Castle in Abrantes, Santarém, Ribatejo, Portugal

The Castle of Abrantes (Fortaleza de Abrantes) overlooks the city of Abrantes, in the municipality of Abrantes in the district of Santarém, Ribatejo, divided between the two civil parishes of São João and São Vicente. It was part of the Reconquista fortifications that made up the Linha do Tejo (Tagus Line), a line of castles and outposts during the Middle Ages, recently integrated into a tourist region called the Região de Turismo dos Templários (Tourist Region of the Templars).

==History==

The area of the Abrantes Castle was at one time occupied by a Lusitanian castro structure. It was conquered during the Roman invasion of the peninsula around 130 BC by Consul Decimus Junius Brutus, and occupied for a time by Roman legions after Brutus expanded and remodelled it. Successive invasions by Alans (411), Visigoths (492) and Moors (716) further indicated the strategic importance of this site, justifying the establishment of a permanent military garrison.
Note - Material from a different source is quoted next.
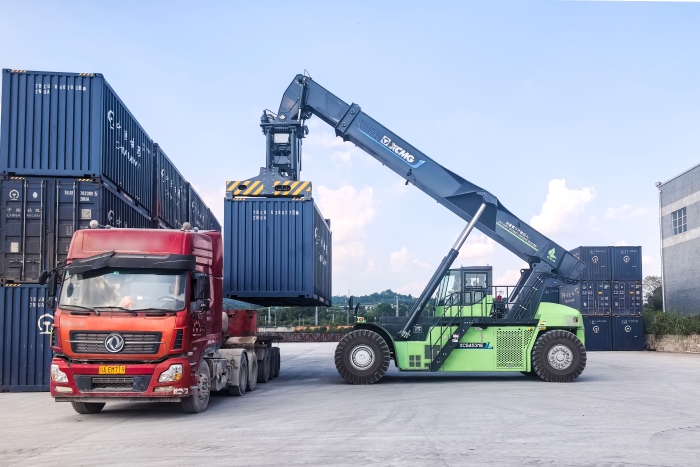 綠色賦能！大宗物資轉(zhuǎn)運(yùn)的“效能標(biāo)桿”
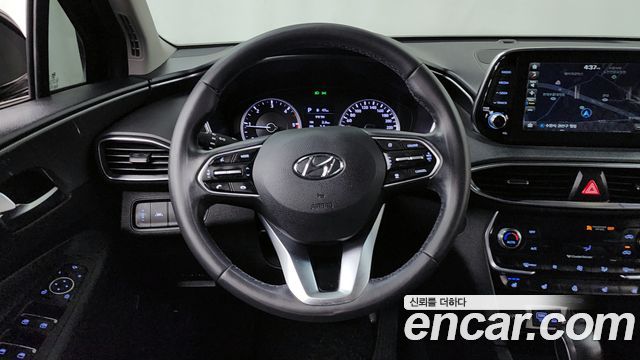 Hyundai Santafe 2019 — photo 13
However, the area and its river did not constitute an important link between the settlements of the Iberian Peninsula until the 12th century.
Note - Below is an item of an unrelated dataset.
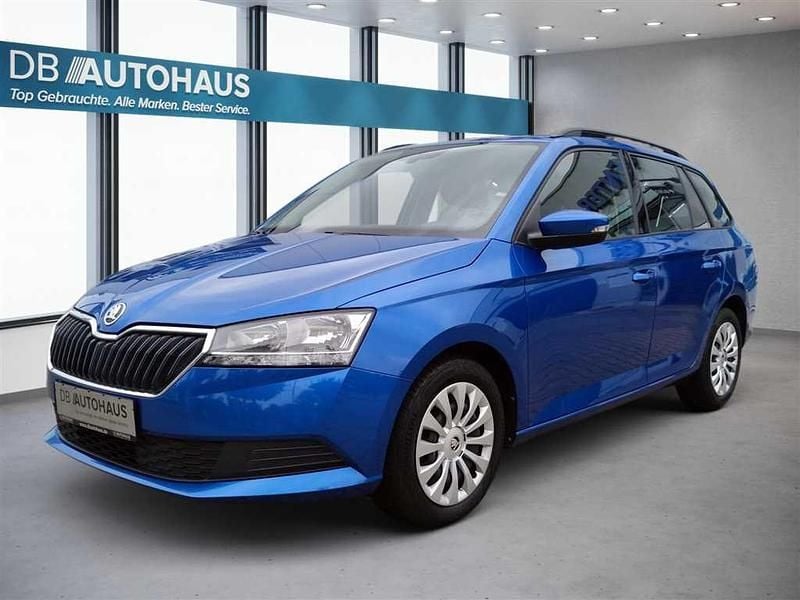 Blau Gebraucht 2022 Skoda Fabia Ambition Kombi | 12.260 € (Guter Preis) - Bild 1/4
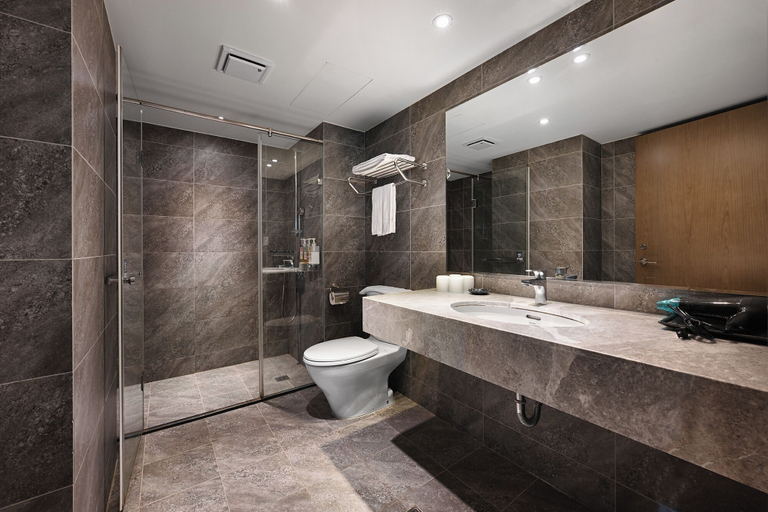 Bathroom 4, CT Green Bay Hot-Spring Hotel, New Taipei City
During the Christian Reconquista (Re-conquest), the settlement in the area of Abrantes was taken from the Moors by forces in the service of Afonso Henriques (1112-1185), who restructured the defences of the site to attract settlers into the region. He granted the lands to the Order of Santiago (1172) so that they could watch over and assist pilgrims on the Way of Saint James. Later, it was incorporated into the Linha do Tejo (Tagus Line) that the Knights Templar established to control and maintain the lands reconquered from the Muslims. The castle outpost, as well as the castles of Almourol, Castelo Branco, Monsanto, Pombal, Tomar, Torres Novas and Zêzere formed a defensive barrier of garrisons along the middle course of the Tagus River.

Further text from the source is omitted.